Perhaps Rebecca Quinn would have considered ending her pursuit of opening a pie and tart bakery if she had run into adversity.
Instead, the 61-year-old Arbutus resident is taking a full-speed-ahead approach to opening Nonni's Pies and Tarts in a commercial kitchen space in The Lunchbox Lady at 1311 Francis Ave — with a little help from some Community College of Baltimore County business students.
According to Paul Coakley, the department chair of business studies on the three CCBC campuses, students will help Quinn create a website, marketing materials and brochures as part of the school's Enterprise Institute.
"(The institute) helps area small businesses get started or develop a business plan," Coakley said, noting the students also get valuable hands-on experience by participating in the institute which began several years ago.
After she receives assistance from the students at CCBC, Quinn may well be on her way to achieving her dream of opening a shop on Frederick Road where customers can come in and relax.
Before this happens, though, Quinn said an advisor told her she will need to sell $20,000 in pies or approximately 1,333 of her $15 pies — pies and 9-inch tarts cost $15 each, a 4-inch tart is $5 and a skillet apple pie is $32, but comes in an iron skillet that the customer may keep.
Nonni's Pies and Tarts opened for business at the end of October and has so far sold about 40 pies, a number she hopes increases with the holidays and more positive signs.
"What I feel like is, all along, God kept saying 'yes' to me," said Quinn, who moved to Catonsville at age 14 and lived there 40 years. "God's leading me every step of the way."
The journey started, Quinn said, when she found the base and established a home base for her delivery service.
The Archbishop Keough High School grad opened her bakery after a nearly 24-year career at the Maryland State Teachers Association.
She said much of what she learned about baking came from a book she purchased years ago, "Great Pies and Tarts," by Carole Walter, a tome she keeps close by as she meticulously measures ingredients, rolls dough and adds her own twist to the instructions in the book.
"One of the things that I do with my pies is, every one of them, I'm praying as I make them, for the people who are going to buy those pies," Quinn said.

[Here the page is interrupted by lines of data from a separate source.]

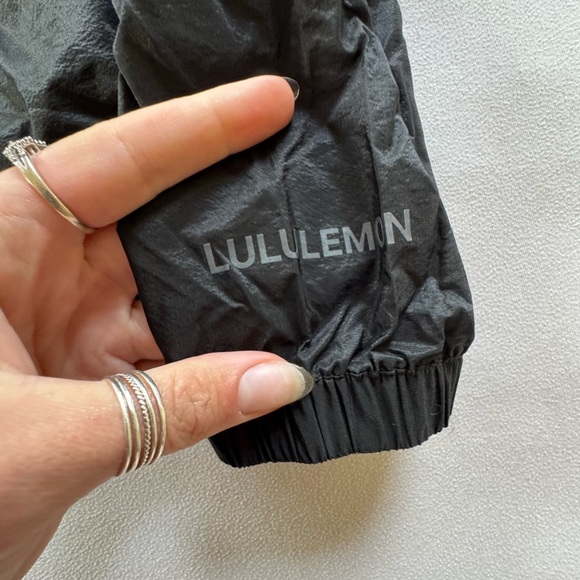 Lululemon Women’s Full Zip Jacket Black Mesh Running Lightweight S/M NWOT - Picture 3 of 6
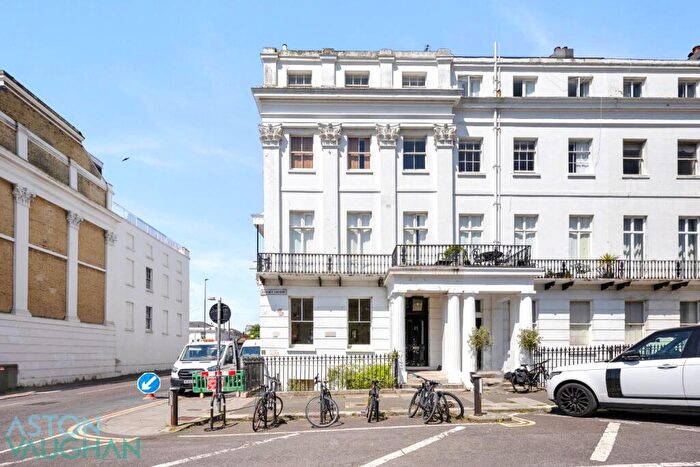 1 Bedroom Semi-Detached House For Sale In Sussex Square, Brighton, BN2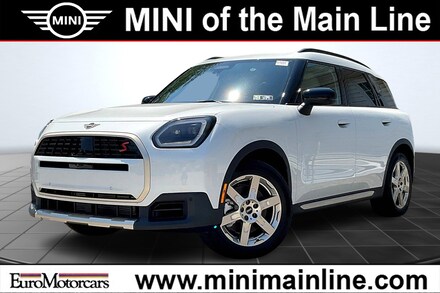 2025 MINI Countryman Iconic SUV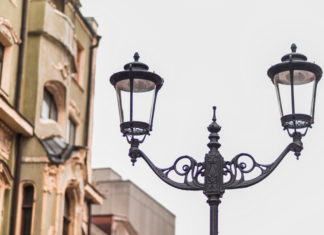 Стоит ли покупать чугунные фонари: особенности, преимущества, характеристики и особенности выбора изделий Стоит ли покупать чугунные фонари: особенности, преимущества, характеристики и особенности выбора изделий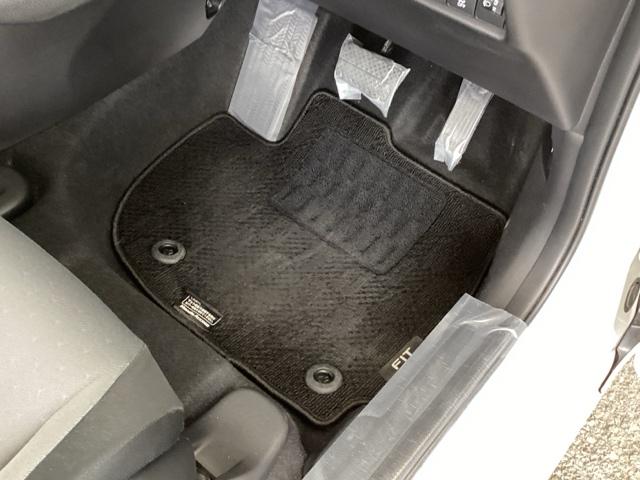 フィット ベーシック　純正メモリナビ　衝突低減ブレーキ　ＥＴＣ　アイスト　衝突軽減　ＤＶＤ再生　クリアランスソナー　ＶＳＡ　地デジ　オートエアコン　ＵＳＢ接続　イモビライザー　ＡＵＴＯライト　クルーズコントロール　キーレス（52枚目）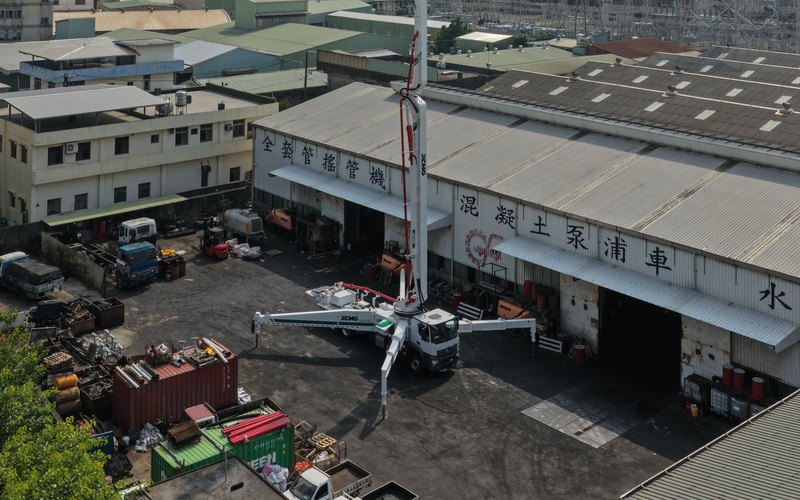 正豐廠區內的混凝土泵浦車與泵送管路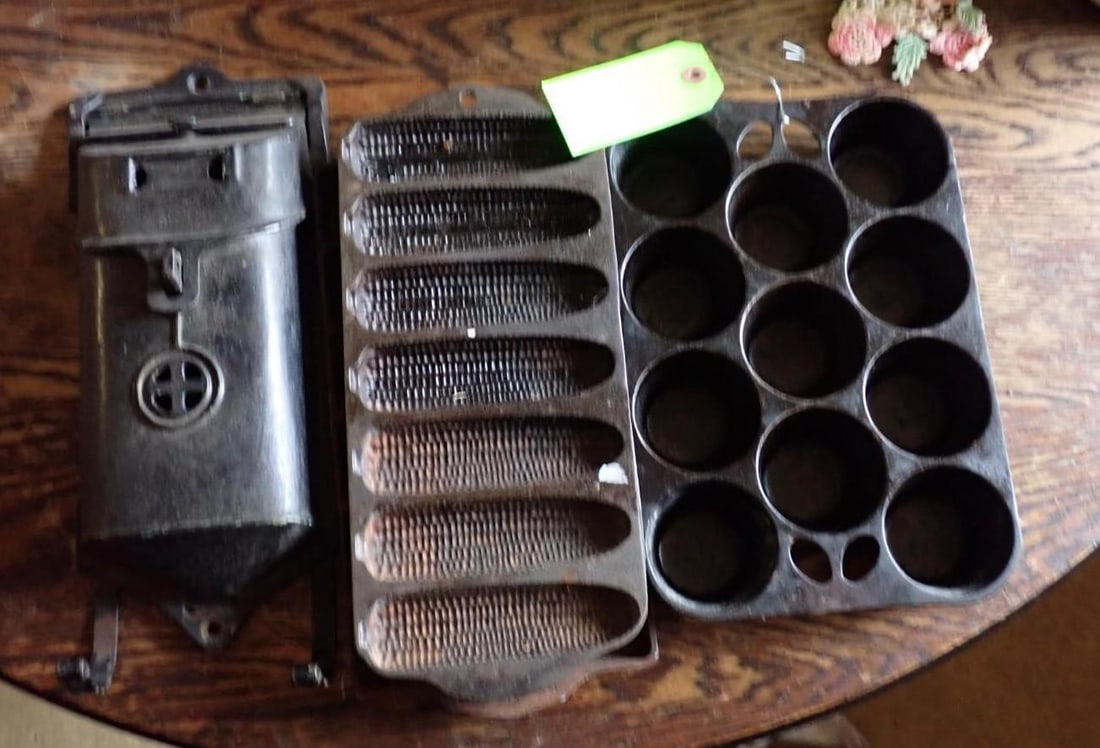 (4) Pcs. Collectible Cast Iron (1 of 4)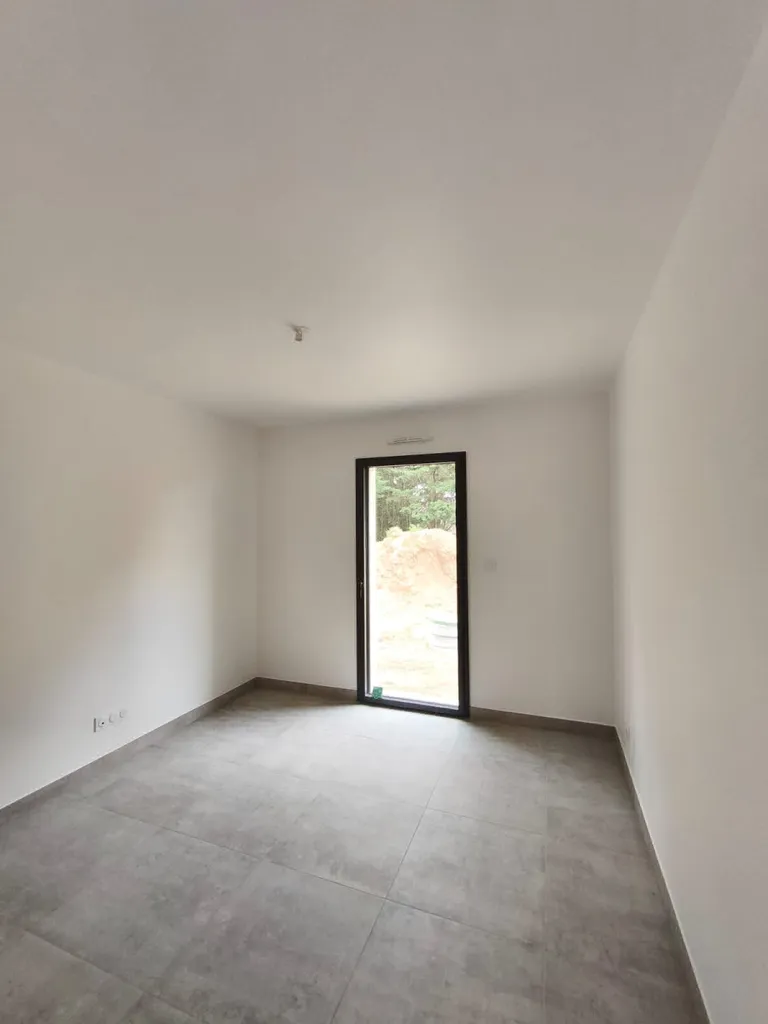 Peinture par protection airless dans une maison neuve entre ROUEN et ÉVREUX 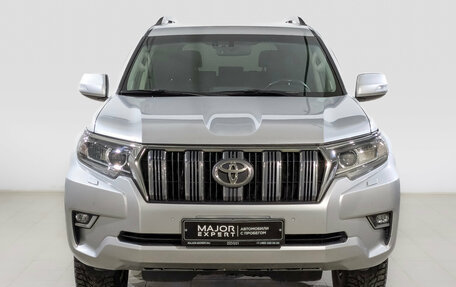Toyota Land Cruiser Prado 150 рестайлинг 2, 2018 год, 3 995 000 рублей, 2 фотография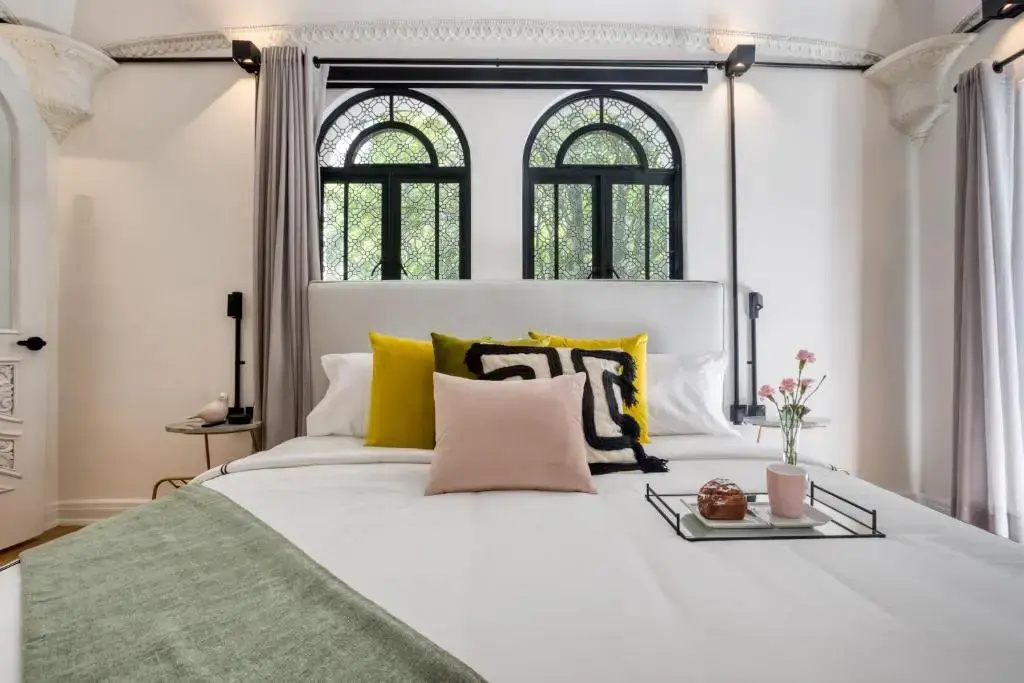 Queen Elizabeth's Double room with balcony (full double bed)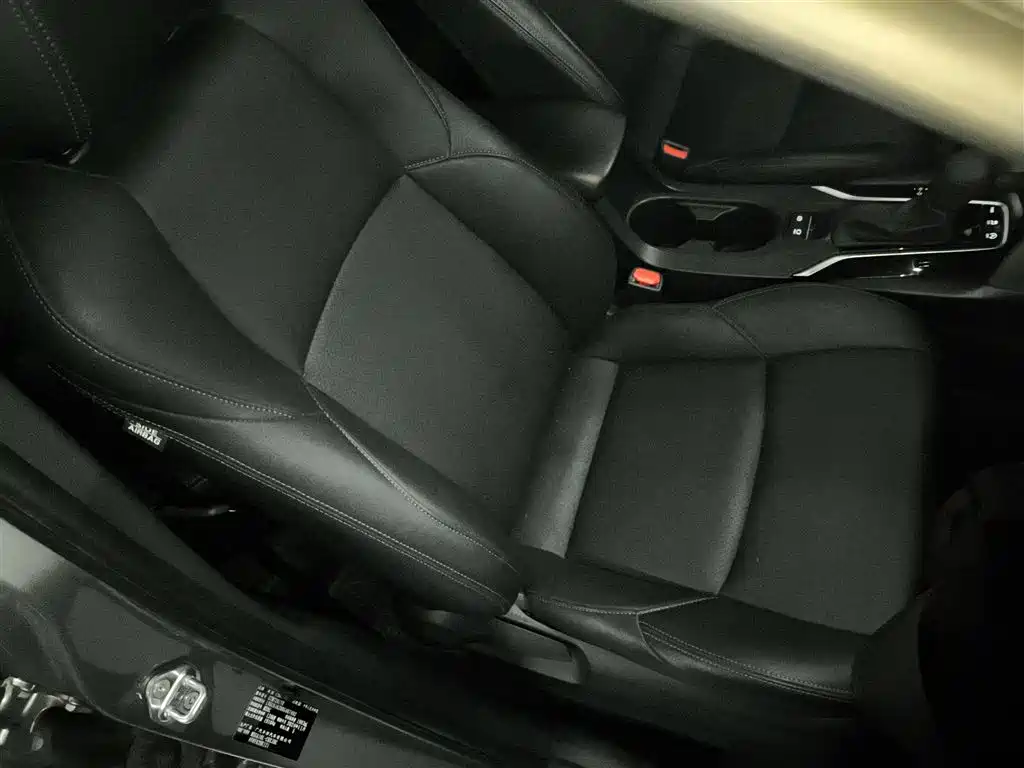 Toyota Frontlander 2024 2.0L CVT Elite Edition фото 25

Quinn plans on altering her menu each month to include seasonal favorites and currently offers 11 pies, including java eggnog and apple pumpkin pies.
The menu features four tarts, from caramelized walnut to chocolate candy.
Since Oct. 24 when the bakery opened, Quinn's work has involved more sales and marketing than actual baking.
Quinn travels around Catonsville and Arbutus several days a week in an attempt to entice businesses to carry her creations.
On Dec. 7, Quinn noted she had several locations still considering whether to stock her product.
Even though she loves the art that goes into creating her pies and tarts, Quinn has reveled in getting the name Nonni out in the community.
Nonni is the Italian word for grandmother, said Quinn, a mother of four and grandmother to three.
"Dreams come about by you taking action," Quinn said.
The Lunchbox Lady owner Connie Neiman, who rents kitchen space to Quinn, said she sees a lot of herself in Quinn and hopes that she finds success.
"She's basically in the same age bracket as I am. She's reinventing herself after a long career," said Neiman, whose three-year-old boxed-lunch business has seen enough growth to necessitate a move to a larger facility.
"It's a challenge because you're a jack-of-all-trades," Neiman said of opening a business. "It seems like she's willing to experiment with different recipes and is eager to sell and introduce herself to the community."
Whether a financial success or not, Quinn has enjoyed the ride and opportunity to make people happy through her creations.